浩浩蕩蕩
読み方:こうこう とうとう
意味
水面や景色などが、どこまでも広く果てしなく続くさま。また、度量や気分が大きく、おおらかでゆったりしているさま。転じて、人や物事の勢い・規模が非常に大きく、雄大であることにもいう。
由来
中国最古級の文献の一つ『尚書(書経)』の「堯典」にある、洪水の甚大さを表す「湯湯洪水方割、蕩蕩懐山襄陵、浩浩滔天」という表現に由来する。「蕩蕩」と「浩浩」は、いずれも水が広大で果てしないさまを表す。『尚書』の諸篇の成立時期には諸説あるが、内容は先秦時代(おおむね紀元前5〜3世紀ごろまで)に伝承・編纂されたものとされる。
備考
主に文章語・雅語として用いる。

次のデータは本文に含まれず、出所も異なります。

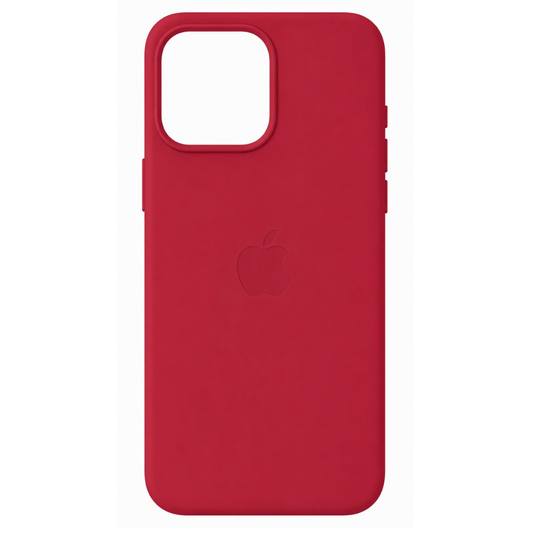 Estuche Iphone 16 Pro Max Cuerina Rojo Con Magsafe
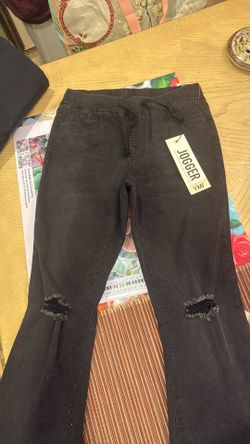 YMI Flare Black Jogger Jean Pants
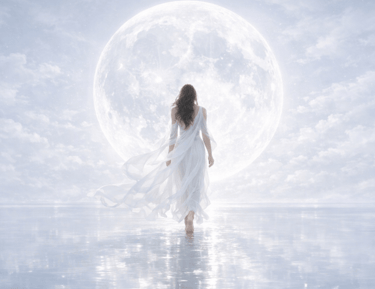 Be You Too Full Logo walking on water to moon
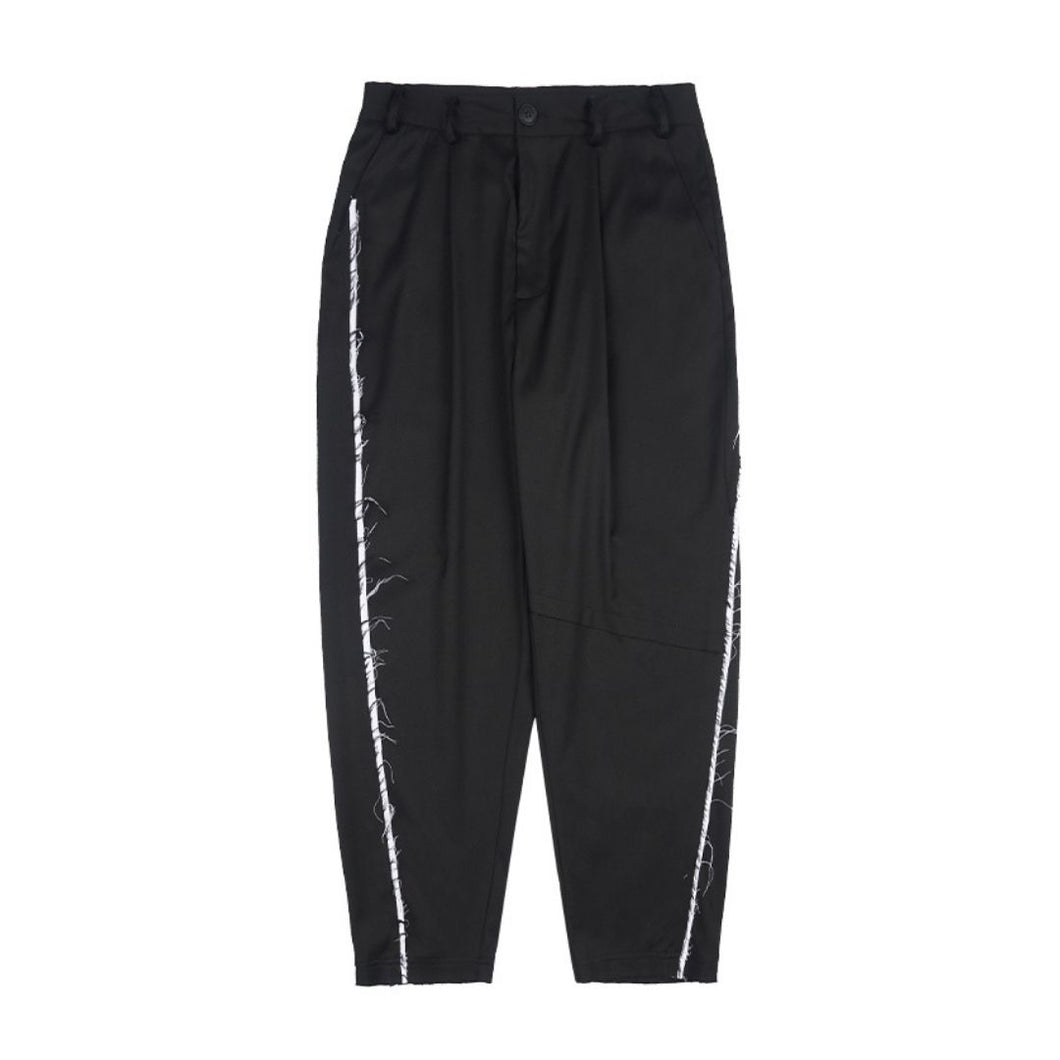 Ripped Loose Straight Trousers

「浩浩蕩蕩たる海」「浩浩蕩蕩と流れる」のように使う。水や景観だけでなく、雄大な気風・大きな勢いを形容する比喩にもなる。表記は「浩々蕩々」とも書く。
別表記
- 浩々蕩々
誤用・混同注意
- 「浩浩湯湯」と書くのは別語との混同である。「浩浩湯湯」も水勢の盛んなさまを表す語として用いられる。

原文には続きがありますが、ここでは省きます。